R.N.: je dirai qu’avant les agences avaient beaucoup de moyens, ceux de se payer les pros exceptionnels pour chaque spécialité, plus maintenant, je pense, c’est donc aussi une question économique. Et la vérité c’est que tu ne peux pas être super bon en tout.

Je ne sais pas si c’est le bon chemin, mais en tout cas il faut fournir chaque fois plus de contenu.

IN. : que penses-tu de l’évolution du métier ?

R.N. : je ne sais pas si on cherche toujours la qualité, on est plus dans la quantité.
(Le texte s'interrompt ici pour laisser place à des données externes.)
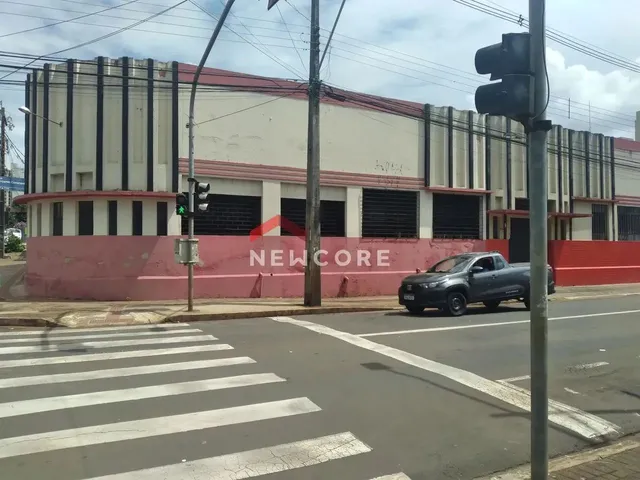 Imagem 16: Galpão em Rua Benjamin Constant - Centro - Londrina/Pr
Avant, on faisait des travaux qui pouvaient rester des années sur les murs, en tv, aujourd’hui on fait du consommable, alors par la force des choses, il y a moins de qualité. C’est le digital qui veut ça. Je ne sais pas si c’est le bon chemin, mais en tout cas il faut fournir chaque fois plus de contenu.

IN. : vous faites aussi partie d’un collectif d’éditeurs indépendants de photographes …

R.N. : oui, Photo Book. Nous sommes une trentaine, moi je suis minuscule, eux sont bien plus importants.

 

En résumé

La galerie Bigaignon représente Rémi Noël

son compte Instagram : (reminoelphoto)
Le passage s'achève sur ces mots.